# About this task:
Copy out all of the lines below exactly; the pictures do not belong in the copy.

[Items from a data source]
Start of Block

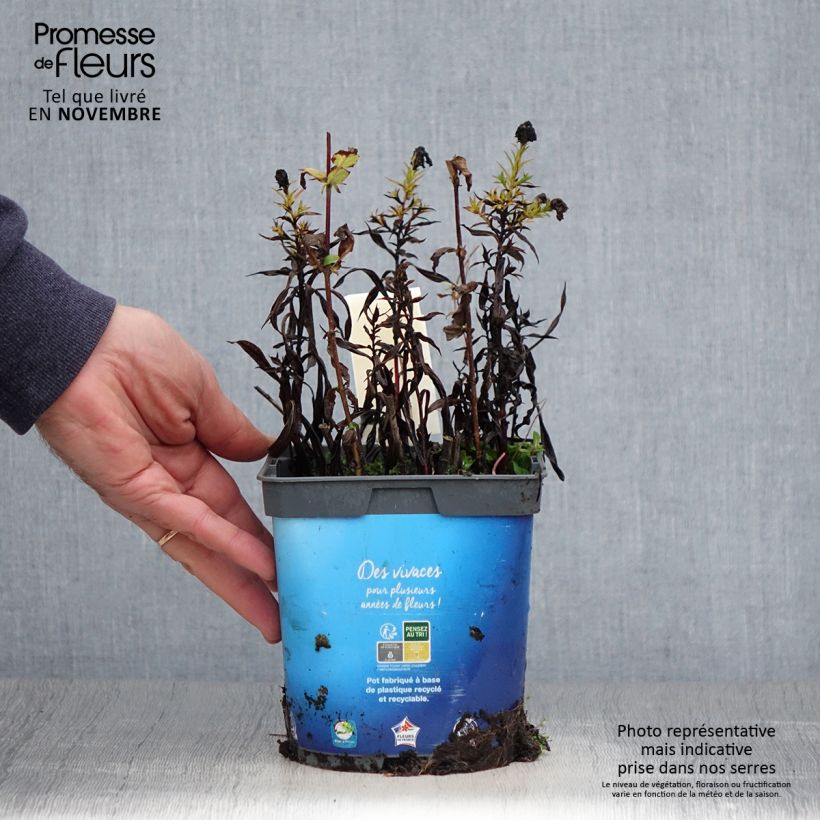 Spécimen de Aster dumosus Tonga - Aster nain Pot de 2L/3L tel que livré en automne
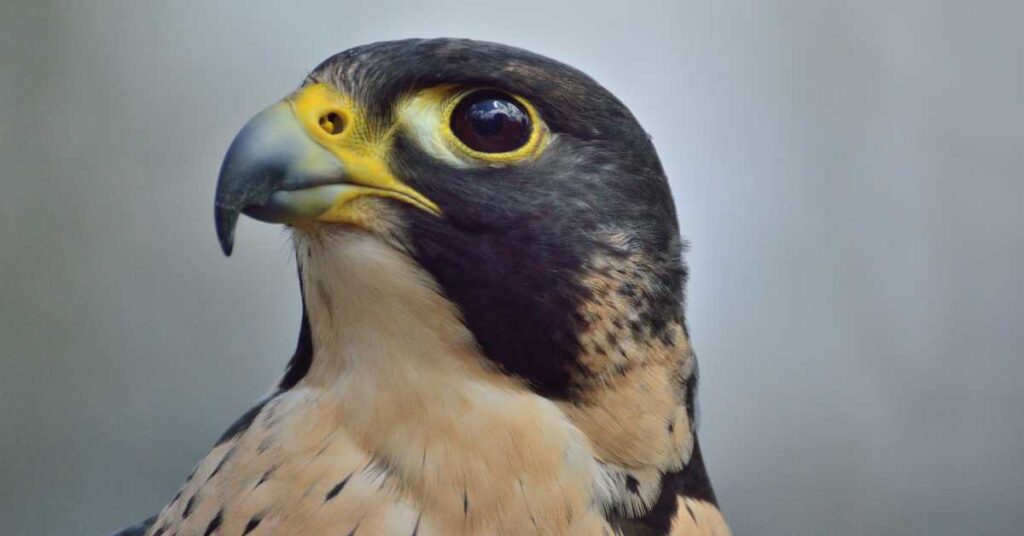 A majestic Peregrine Falcon soaring gracefully against a vibrant blue sky.
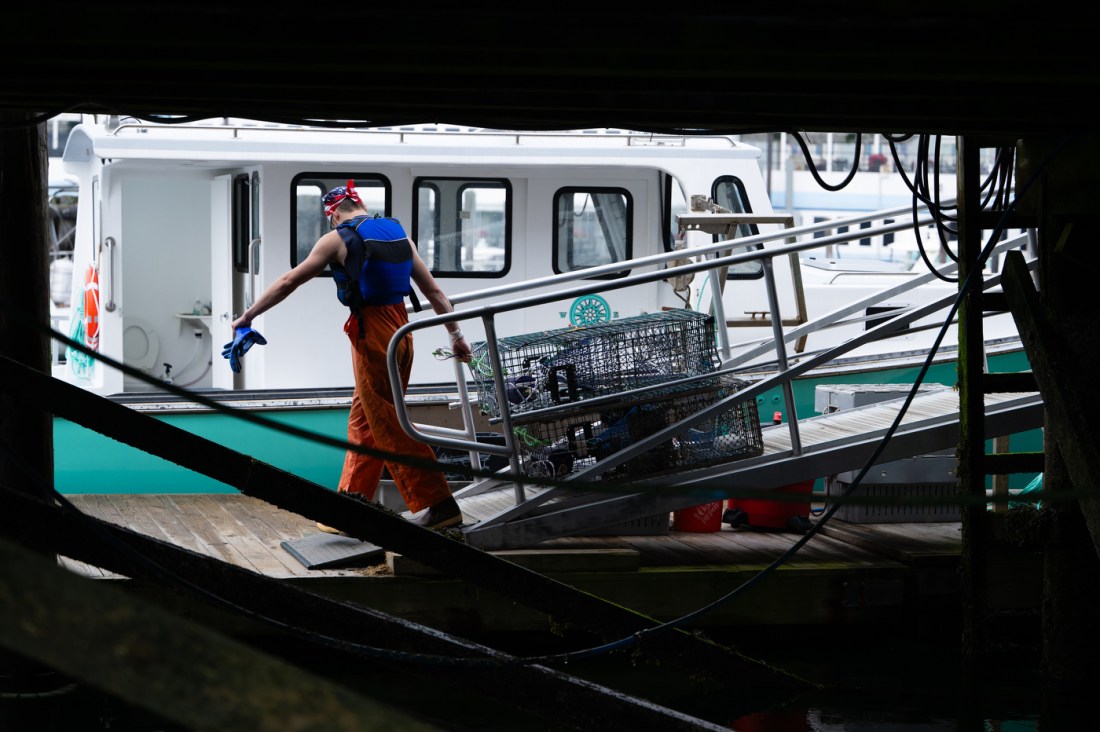 A person dragging a crate of lobster off of a boat.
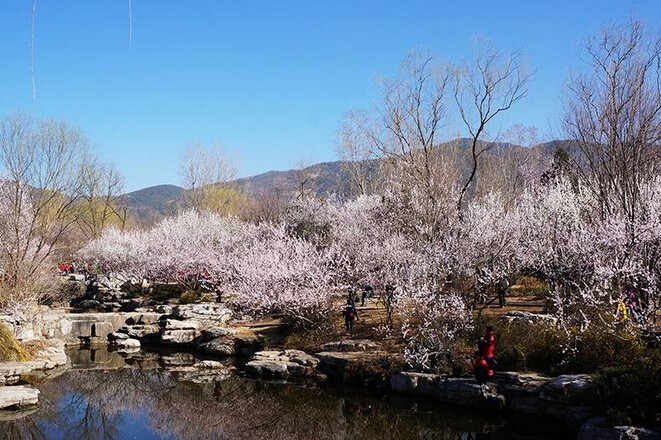从天津坐火车，可直达这些赏花地！
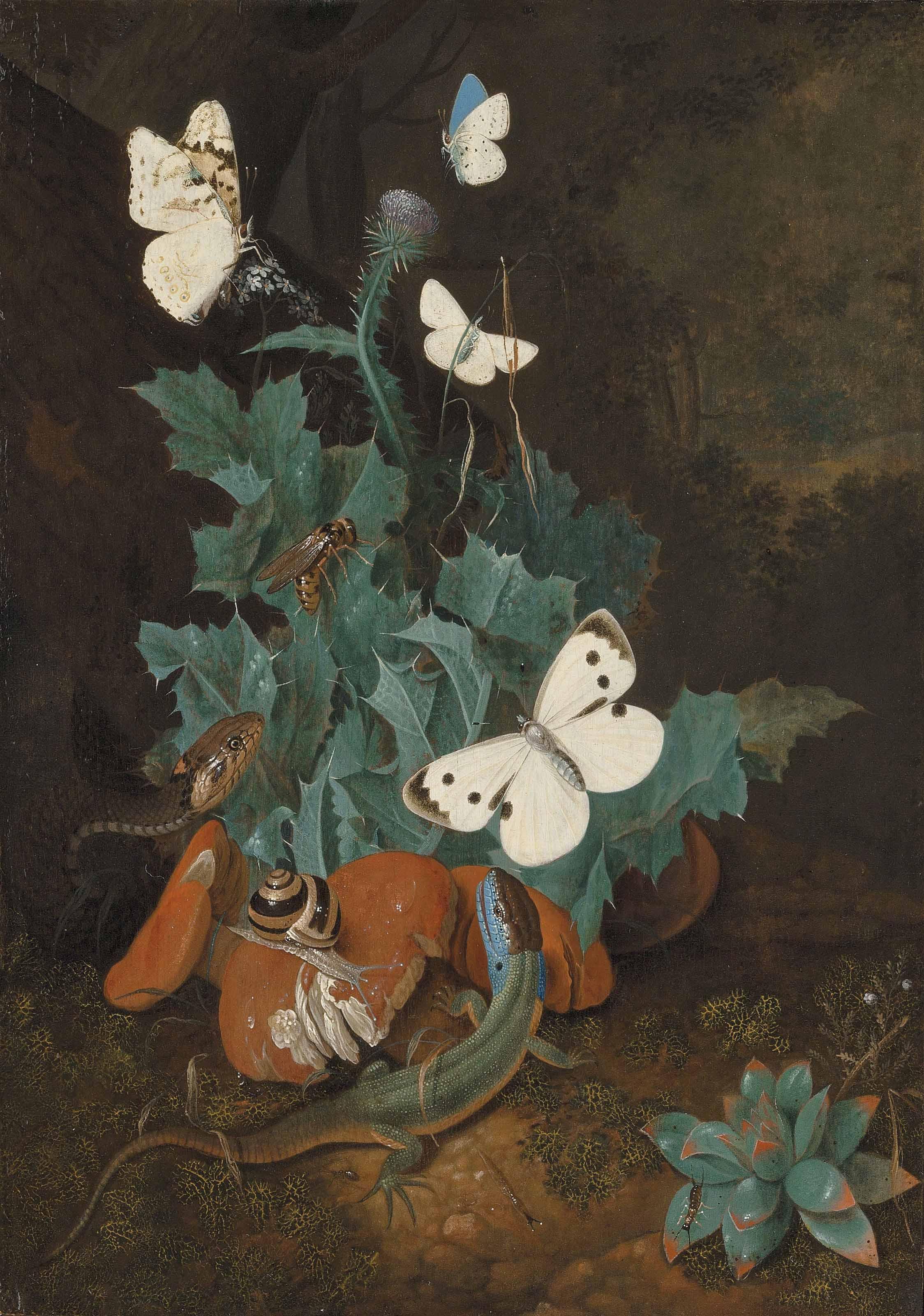 Johann Falch - A forest floor with a lizard, a snake and a snail among weeds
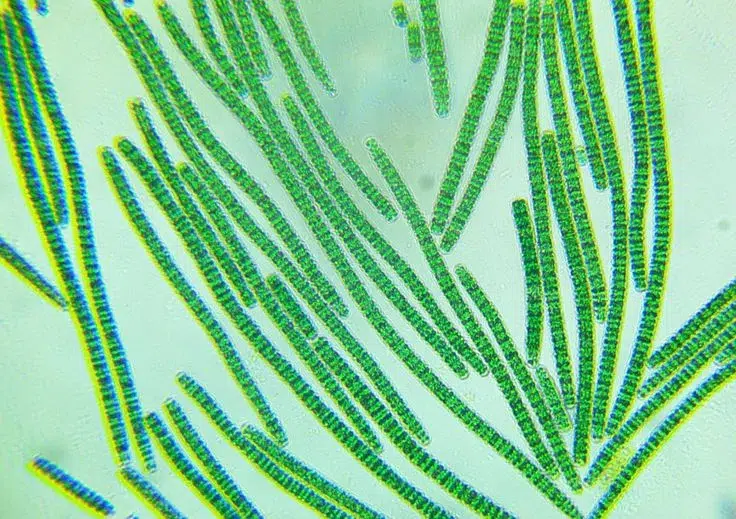 spirulina platensis spirulina plantesis
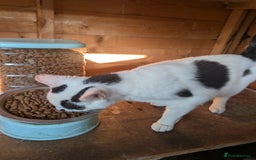 Mixed Breed cats for sale: We are Domino and Dora - Image 6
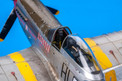 Eduard 1/48 P-51D Mustang (Profipack)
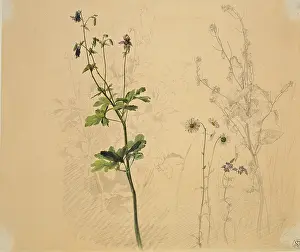 Vegetable Prints: Columbine, daisy, garlic loosestrife, and lobelia, 1816. Creator: Carl Philipp Fohr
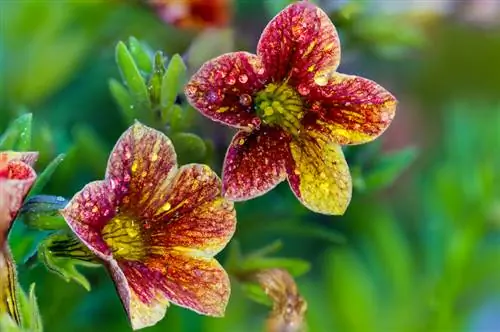 Magiska klockor: skötseltips för magnifika blommor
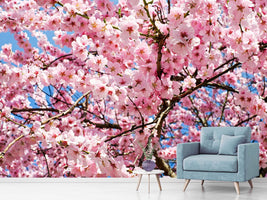 photo-wallpaper-wonderful-japanese-cherry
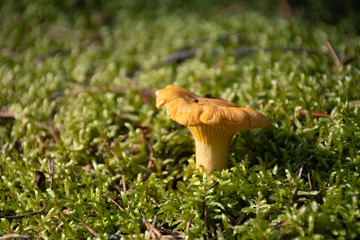 Wild golden-colored delicacy chanterelle mushroom in the forest amount green moss and grass, wild edible mushrooms, close up 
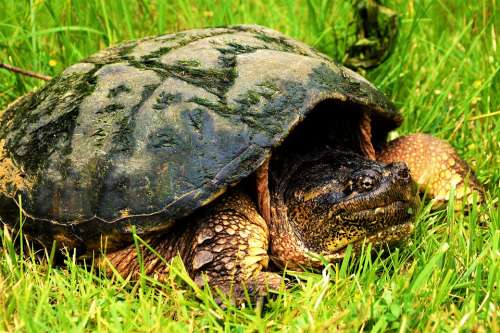 Turtle Snapping Turtle Large Crawling Reptile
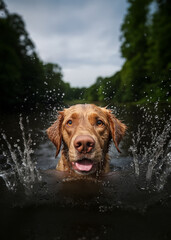 Un chien de race labrador retriever mouill&eacute;, jouant dans l'eau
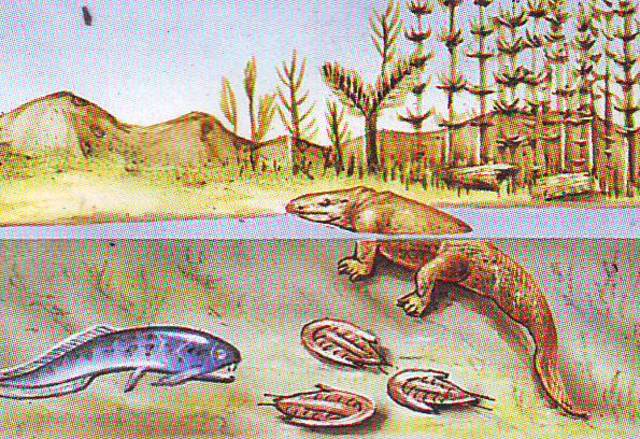 El tránsito de la vida del agua a la tierra firme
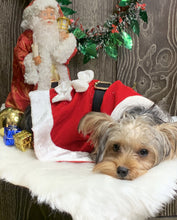 Load image into Gallery viewer, Santa Female Costume for dogs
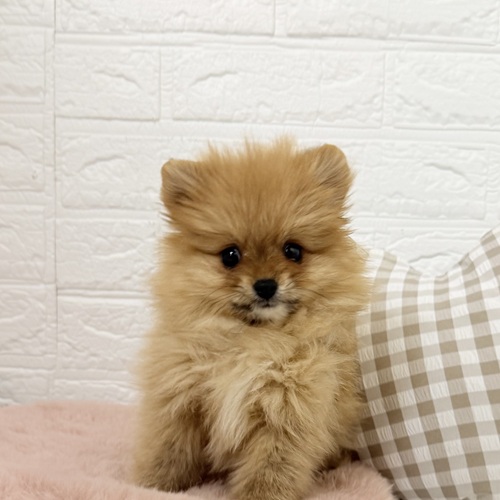 ポメラニアン女の子の写真
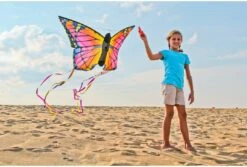 HQ Schmetterlingsdrachen Rubin "L -Spielzeug Förderung schmetterlingsdrachen rubin quot l 3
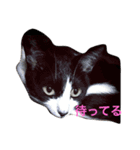 ハチワレ猫ティンク（個別スタンプ：6）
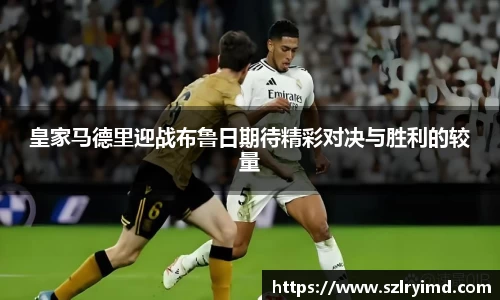 庄闲官网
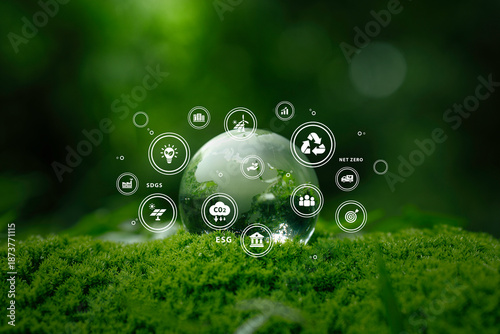 Wallpaper Mural Sustainable environment concept with glass globe on green moss,   renewable energy, CO2 reduction, and net zero goals for global sustainability and eco-friendly business. Green Supply Chain and ESG Torontodigital.ca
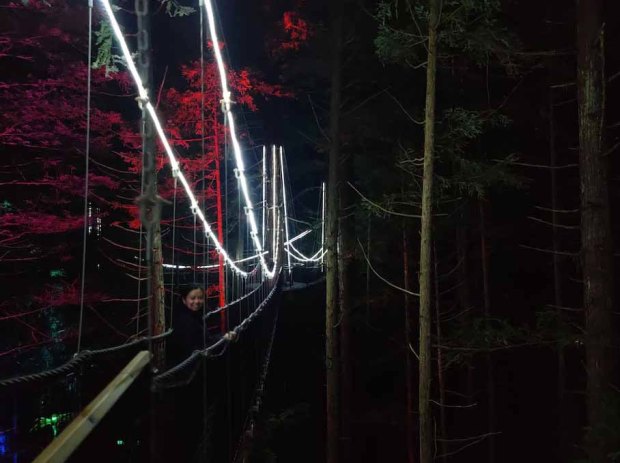redwoods treewalk night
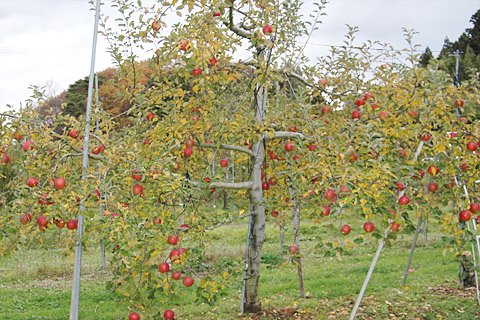 葉をあまり摘まないちば農園のリンゴの木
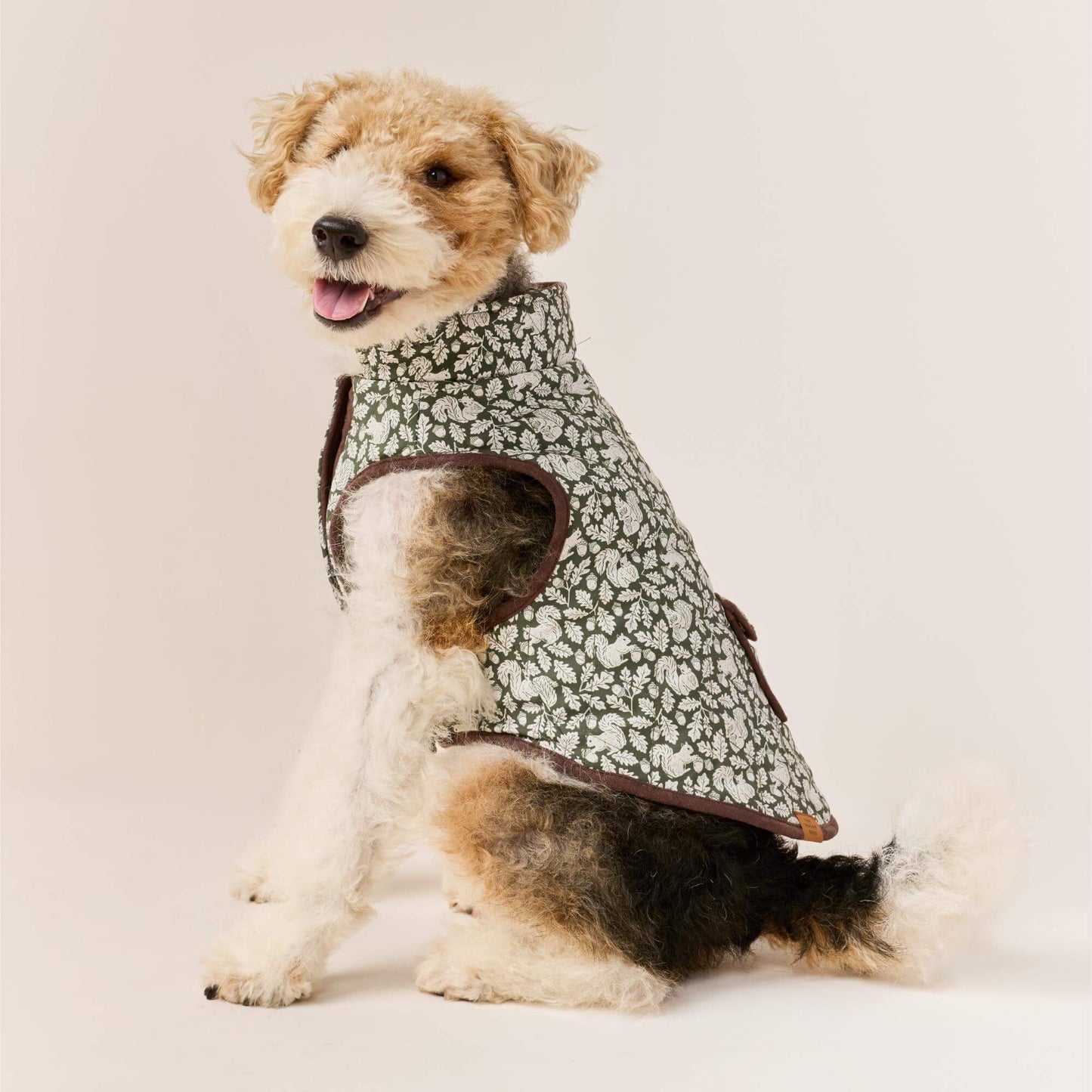 #Modeled by Sesame (27lbs) in Medium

End of Block

# Result for this task:
 Spécimen de Aster dumosus Tonga - Aster nain Pot de 2L/3L tel que livré en automne
 A majestic Peregrine Falcon soaring gracefully against a vibrant blue sky.
 A person dragging a crate of lobster off of a boat.
从天津坐火车，可直达这些赏花地！
 Johann Falch - A forest floor with a lizard, a snake and a snail among weeds
 spirulina platensis spirulina plantesis
 Mixed Breed cats for sale: We are Domino and Dora - Image 6
 Eduard 1/48 P-51D Mustang (Profipack)
 Vegetable Prints: Columbine, daisy, garlic loosestrife, and lobelia, 1816. Creator: Carl Philipp Fohr
 Magiska klockor: skötseltips för magnifika blommor
 photo-wallpaper-wonderful-japanese-cherry
 Wild golden-colored delicacy chanterelle mushroom in the forest amount green moss and grass, wild edible mushrooms, close up 
 Turtle Snapping Turtle Large Crawling Reptile
 Un chien de race labrador retriever mouill&eacute;, jouant dans l'eau
 El tránsito de la vida del agua a la tierra firme
 Load image into Gallery viewer, Santa Female Costume for dogs
 ポメラニアン女の子の写真
 HQ Schmetterlingsdrachen Rubin "L -Spielzeug Förderung schmetterlingsdrachen rubin quot l 3
 ハチワレ猫ティンク（個別スタンプ：6）
 庄闲官网
 Wallpaper Mural Sustainable environment concept with glass globe on green moss,   renewable energy, CO2 reduction, and net zero goals for global sustainability and eco-friendly business. Green Supply Chain and ESG Torontodigital.ca
redwoods treewalk night
 葉をあまり摘まないちば農園のリンゴの木
 #Modeled by Sesame (27lbs) in Medium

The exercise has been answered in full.